Like clockwork, once a month your payment comes out, you’re happy with the service and all is well. That is until you wake up one morning and see the news that said Internet service provider have had a MASSIVE breach! Approximately 4 million customer details leaked. Names, addresses, bank account details, all potentially in the wrong hands. Panic, fear and disbelief set in, are your details out there in cyber space for all to see? What should you do? How can you protect your identity? Is your bank account safe?
Personally as a TalkTalk customer I’m not sure what to expect next- will I be inundated with spam phishing emails? Is my identity as risk? Should I change bank accounts? I feel let down. I’m security savvy in my online activities, I have the best antivirus, I only use secure connections and my passwords are top secret, yet despite all this I’ve indirectly become a victim of cyber-crime.
The important thing for TalkTalk customers to be aware of right now is not only the immediate panic that someone could potentially have all my details but how they could use them to social engineer an attack against you directly.
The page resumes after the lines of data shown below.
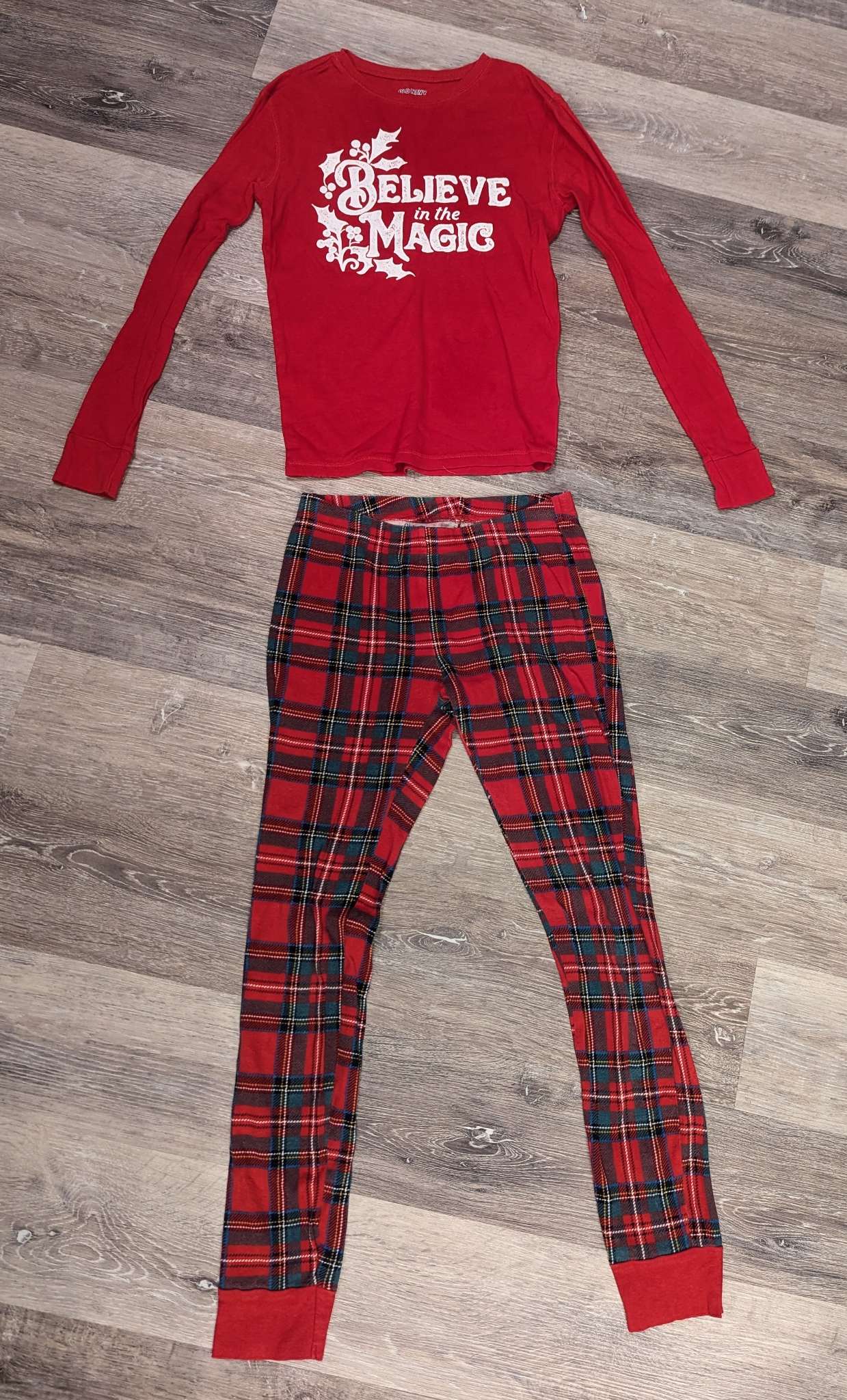 Christmas Snug Fit Graphic PJs. Retail $40.00, Kids 12 & 14 (large)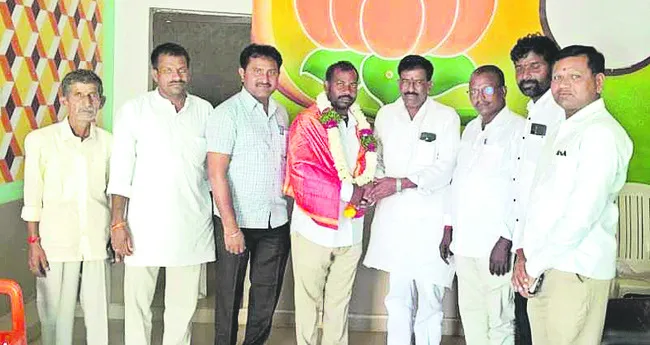 కేంద్ర ప్రభుత్వ పథకాలను ప్రజలకు వివరించాలి 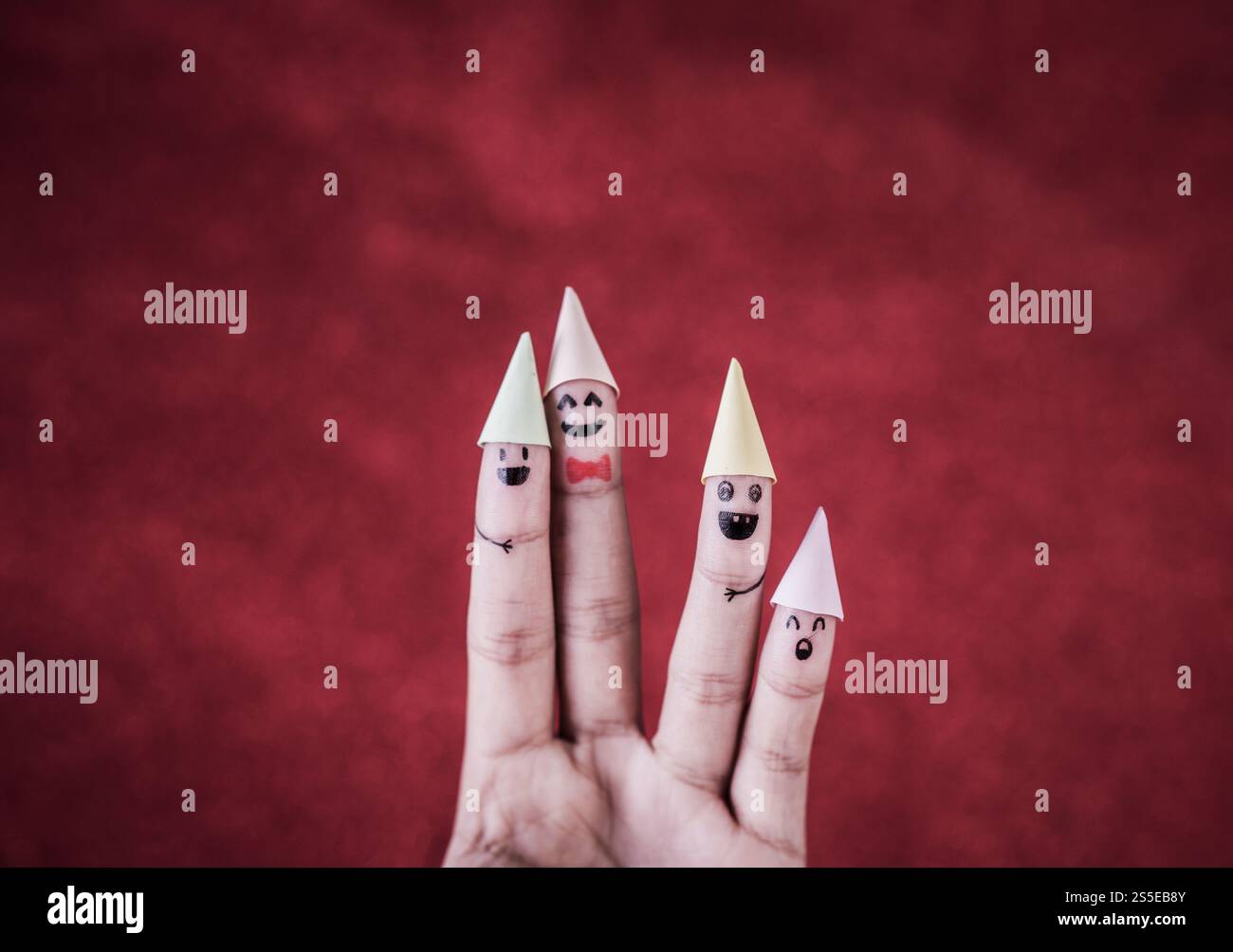 Dito con emozione su sfondo rosso Foto Stock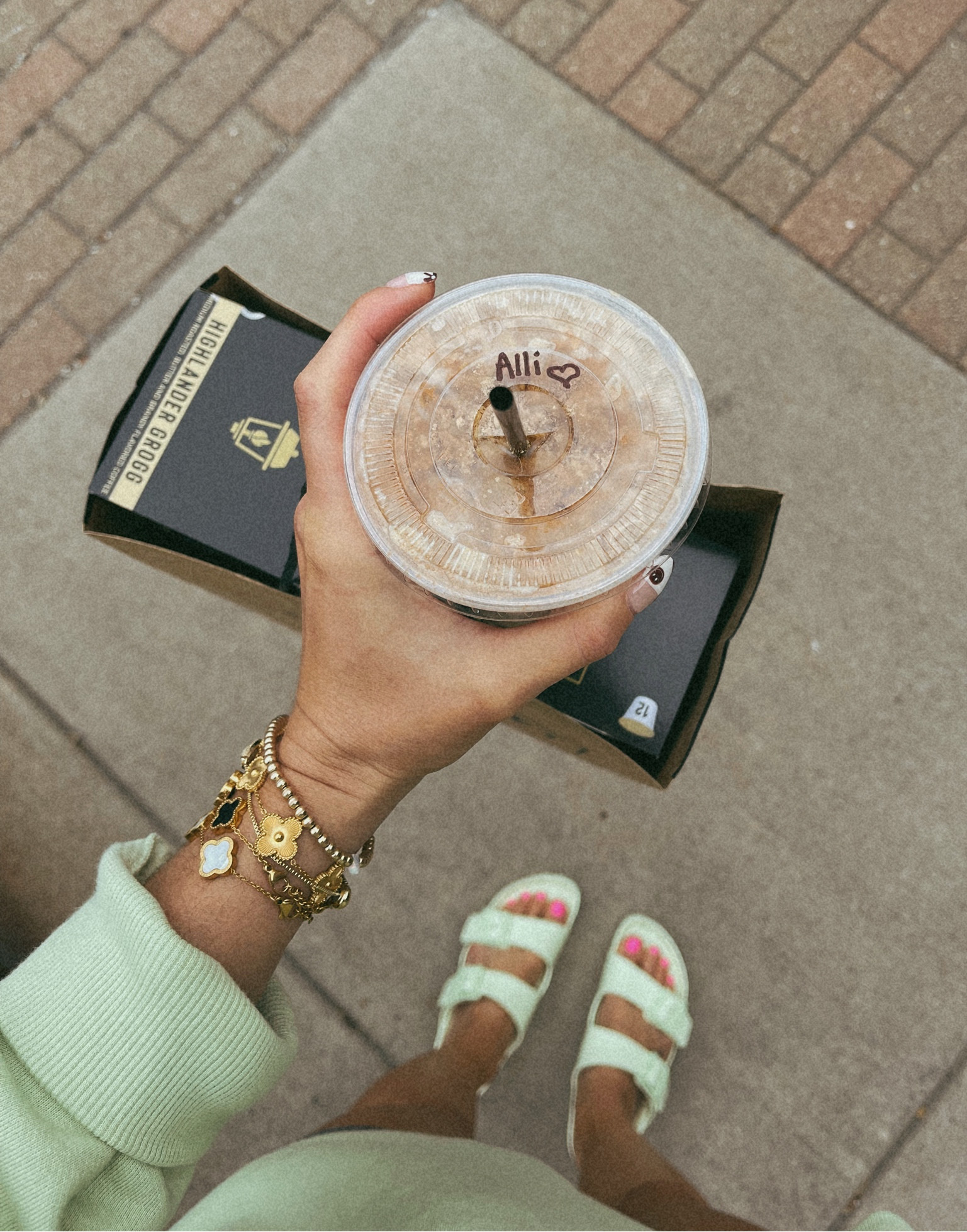 the perfect gold bracelet stack. amazing Van Cleef clover bracelet dupe from Amazon!

#LTKstyletip #LTKunder50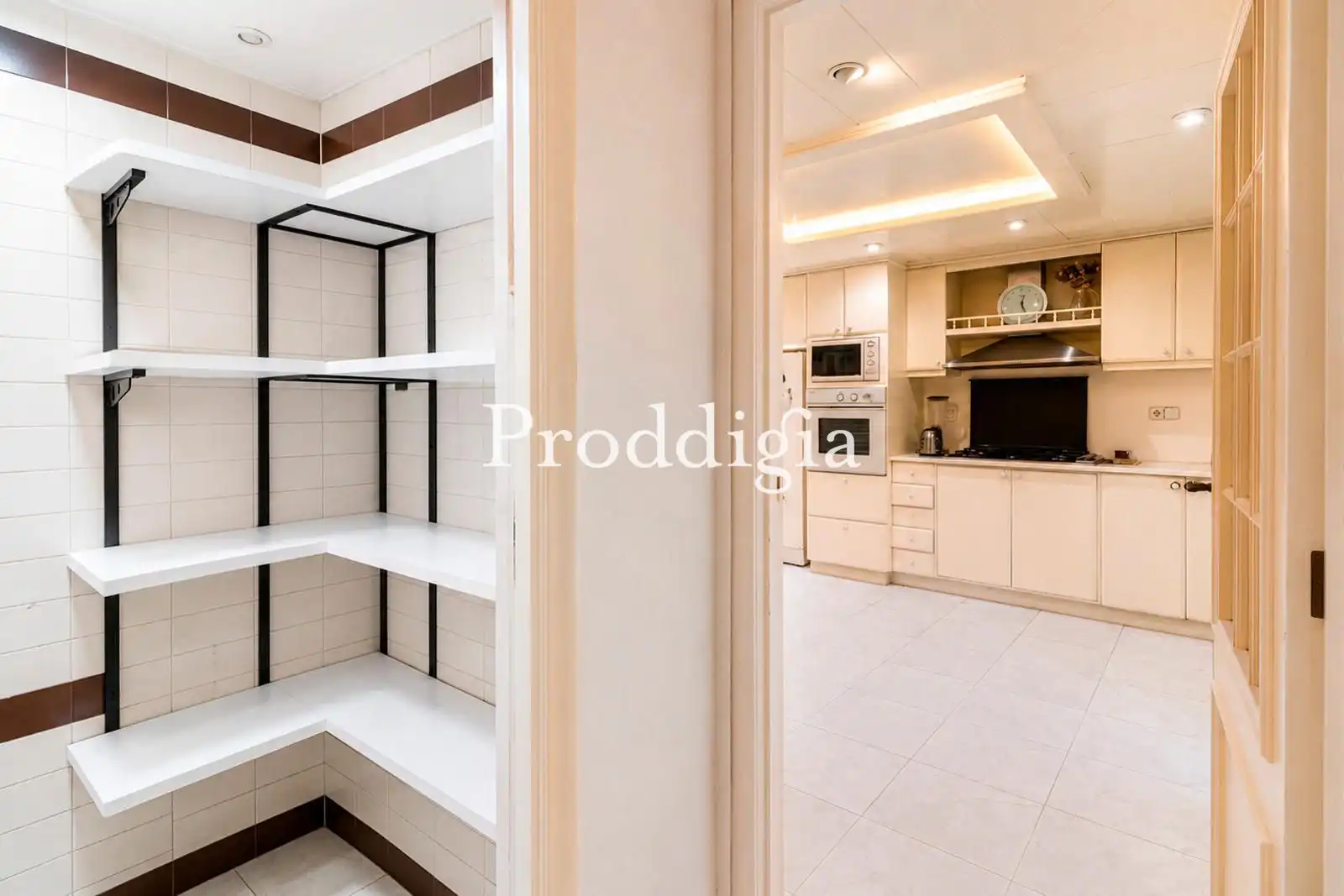 Cocina de Piso en venta en Sant Cugat del Vallès con Calefacción, Jardín privado y Terraza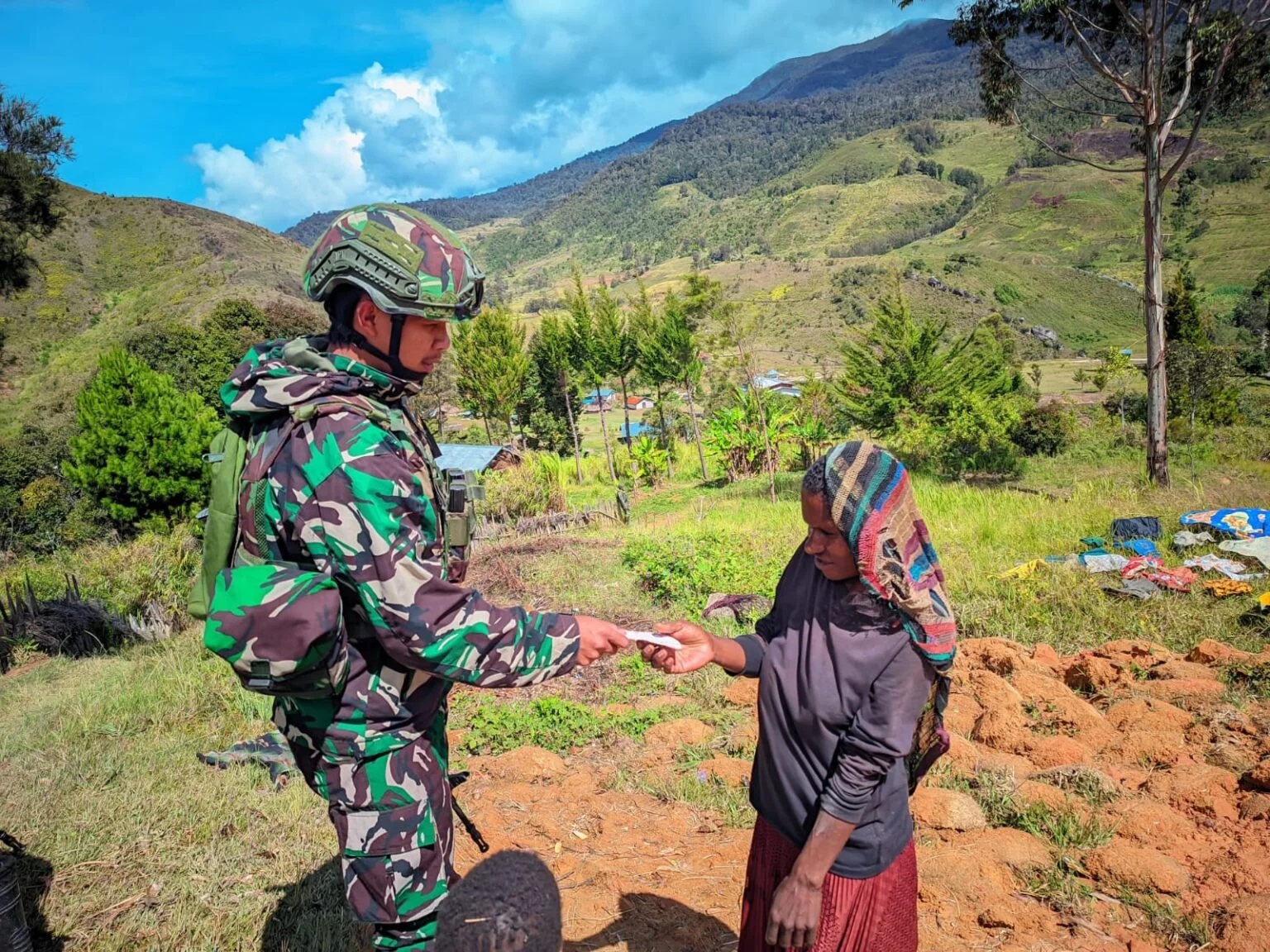 Satgas Yonif 614/Rjp Jalin Hubungan Baik dengan Warga di Desa Gumban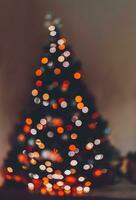 magnifique bokeh de une décoré Noël arbre photo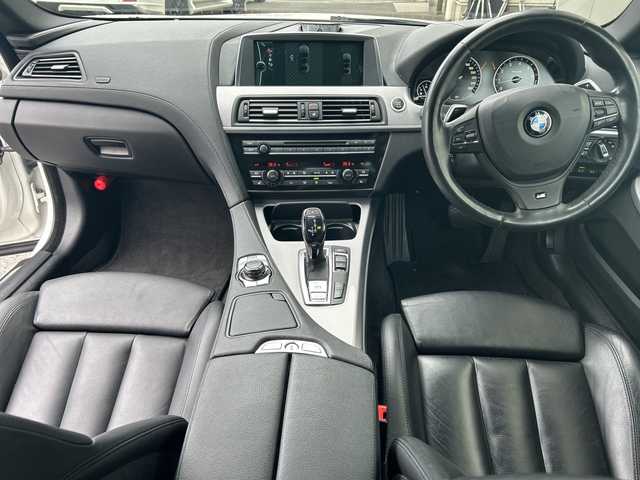 ＢＭＷ ６５０ｉ クーペ Mスポーツ 神奈川県 2011(平23)年 9.9万km アルピンホワイトⅢ サンルーフ/純正ナビ/（CD/DVD/AM/FM/USB/AUX/BT/フルセグTV)/バック・サイドカメラ/前ドライブレコーダー/ETC/パドルシフト/レーダークルーズコントロール/ブラインドスポットモニター/ヘッドアップディスプレイ/前後コーナーセンサー/電動パーキングスイッチ/革シート/D/N席メモリパワーシート/D/N席シートヒーター/ISOFIX/純正マット/純正２０インチアルミホイール/電動チルト/スペアキー×１/保証書/取扱説明書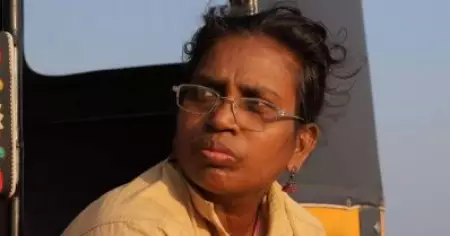 'എന്റെ തന്ത ചമയാനും തീവ്രവാദിയാക്കാനും ഏഷ്യാനെറ്റ് കഷ്ടപ്പെടണ്ട'; മതംമാറ്റത്തിന് പിന്നില്‍ പോപ്പുലര്‍ ഫ്രണ്ടാണെന്ന റിപ്പോര്‍ട്ടിനെതിരെ ചിത്രലേഖ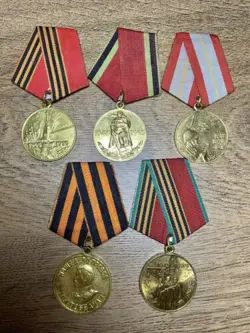 A SET OF FIVE COMMEMORATIVE MEDALS  IN HONOR OF THE ANNIVERSARY WW2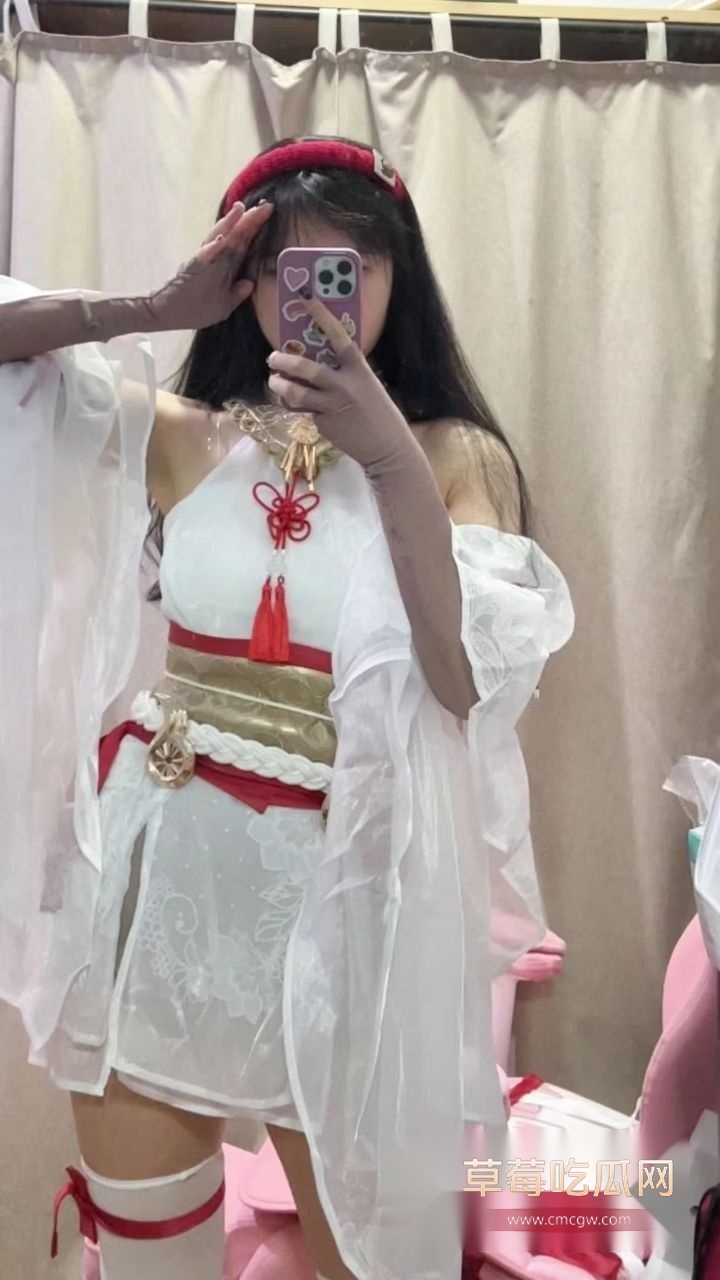 大学生反差婊张媛10.jpg 大学生反差婊张媛10.jpg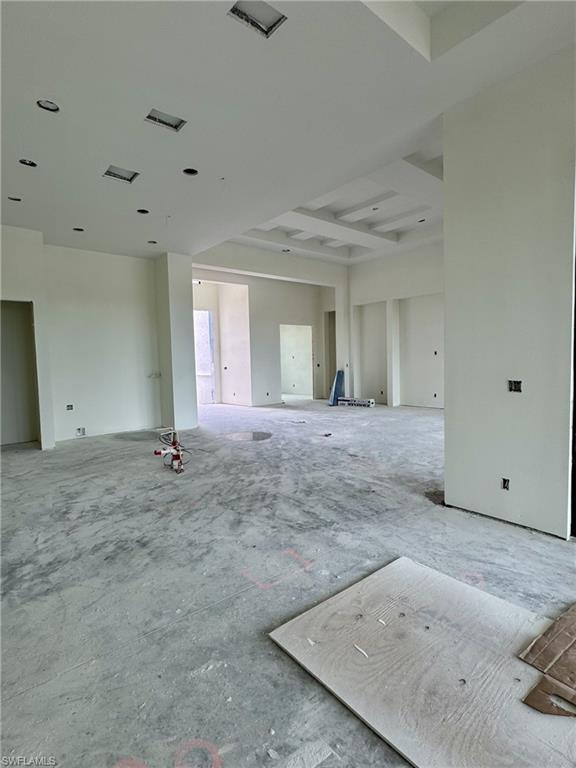 25562 Crystal Shore Dr Property Photo 5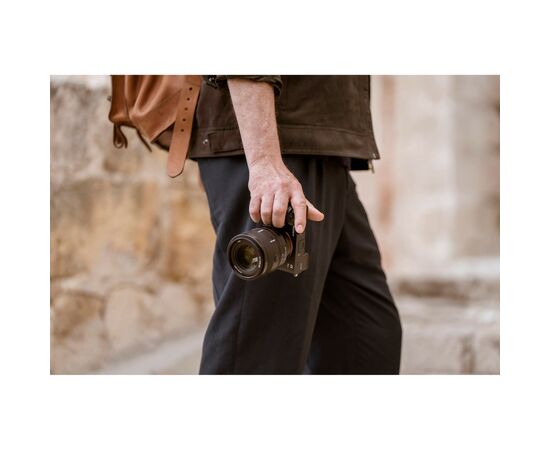 Цифровий фотоапарат Sony Alpha 7CR body black (ILCE7CRB.CEC), зображення 9 Цифровий фотоапарат Sony Alpha 7CR body black (ILCE7CRB.CEC), зображення 9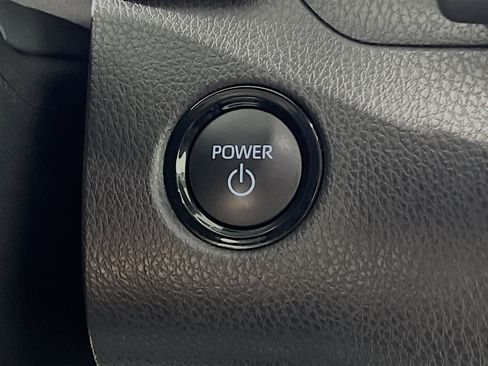 Used 2025 Toyota Camry LE image 23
That seemingly innocent phone call from a ‘TalkTalk’ representative could potentially be a scammer trying to coax even more information from you.
Information security is something of a hot topic at the moment, not a day goes by where we don’t hear about a breach of some sort. An attack such as this only acts to highlight the importance of how physical security practices and information security awareness work hand in hand. One without the other is pointless.
No wonder TalkTalk’s’ share price has dropped by 10%. Getting internal CyberSecurity defences in place is really difficult. But until organisations give Information Security the attention and resources it deserves, I think we will continue to see CEO’s of large corporations floundering on daytime TV. Trying to speak on a subject they don’t feel comfortable with.